### WORK INSTRUCTIONS
Pictures aside, quote the whole listing exactly.

### MATERIAL PROVIDED
+ + + +

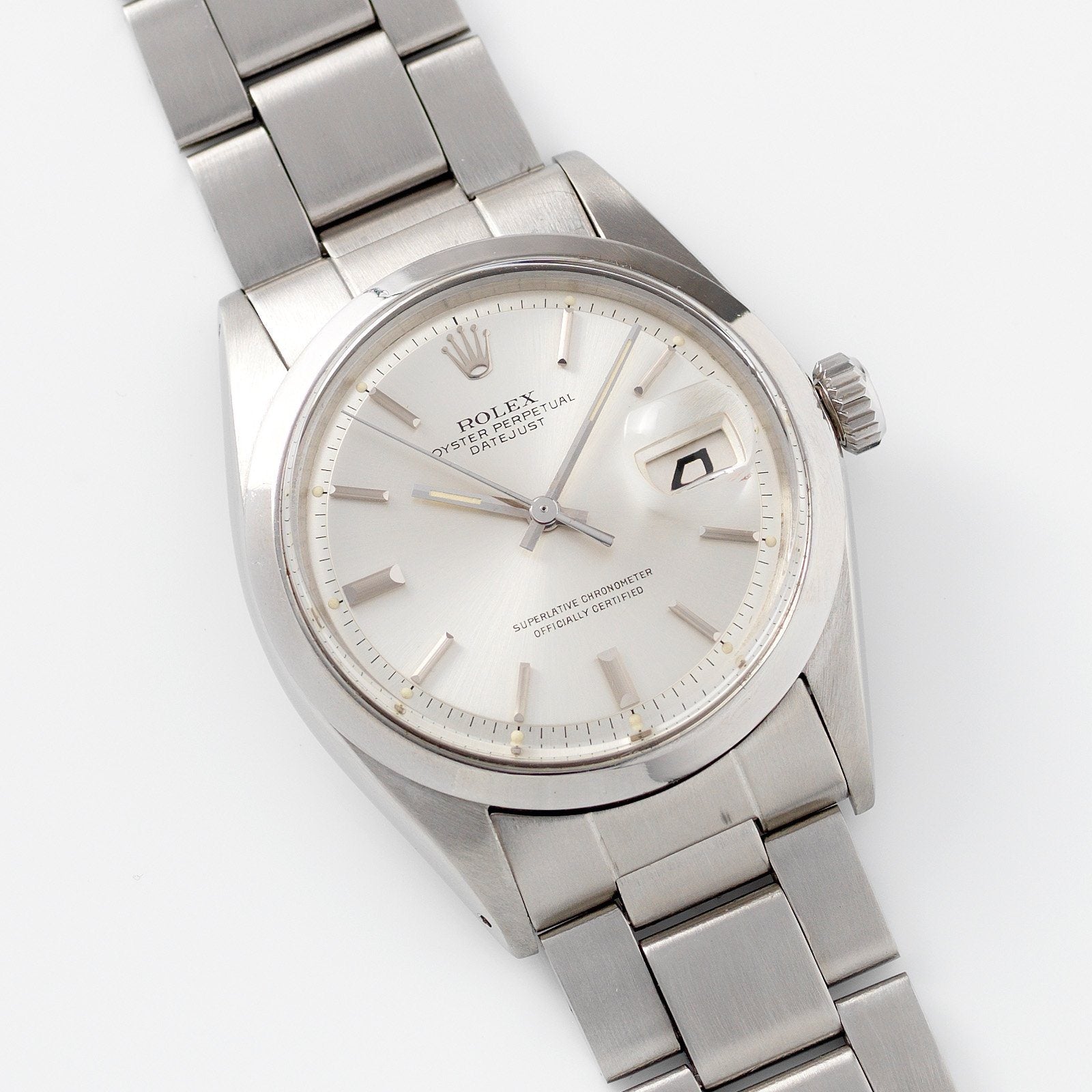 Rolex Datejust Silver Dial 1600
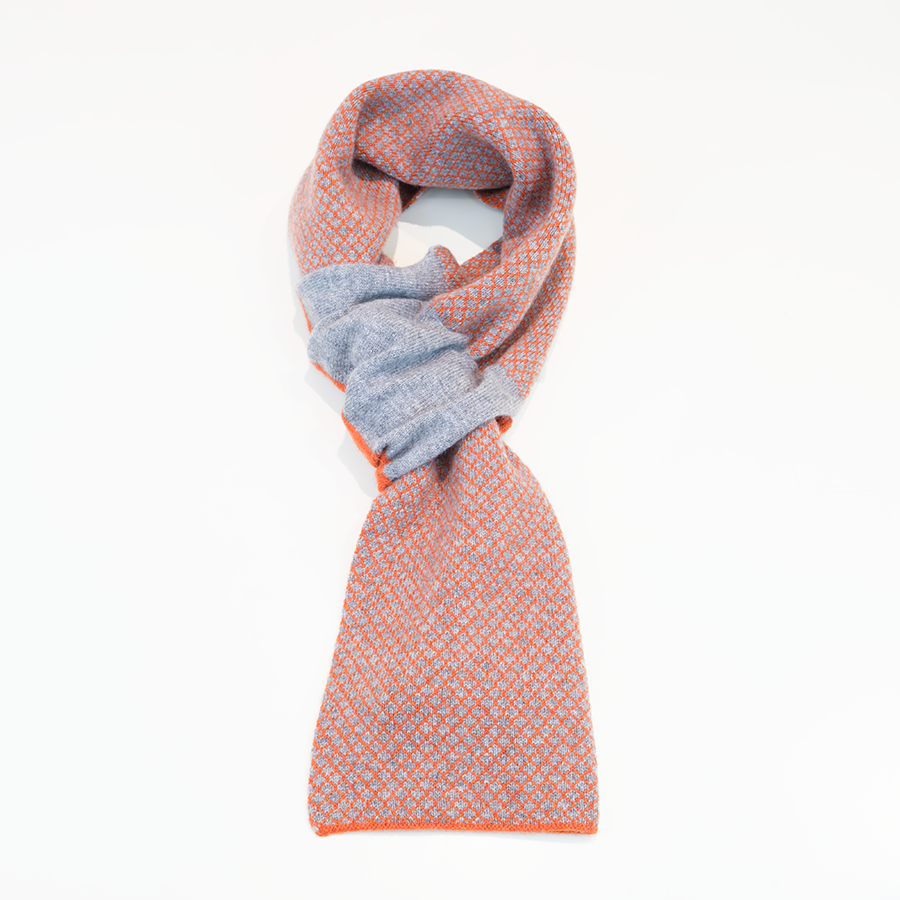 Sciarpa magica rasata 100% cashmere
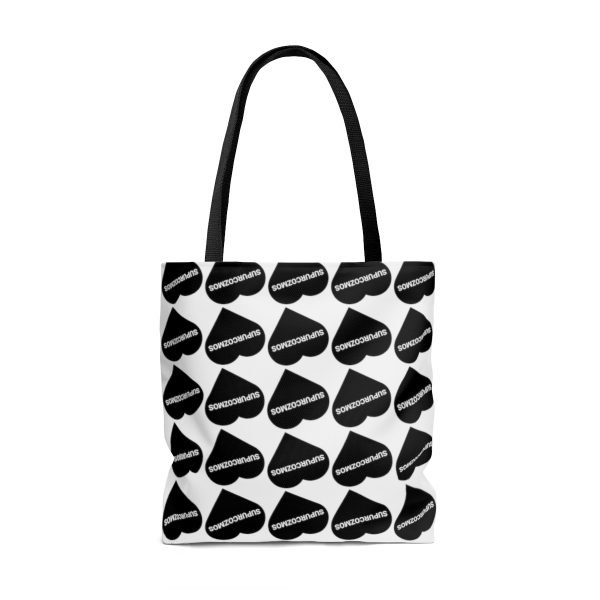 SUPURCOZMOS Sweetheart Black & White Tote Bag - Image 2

+ + + +

### SOLUTION TO THIS PROBLEM
 Rolex Datejust Silver Dial 1600
 Sciarpa magica rasata 100% cashmere
 SUPURCOZMOS Sweetheart Black & White Tote Bag - Image 2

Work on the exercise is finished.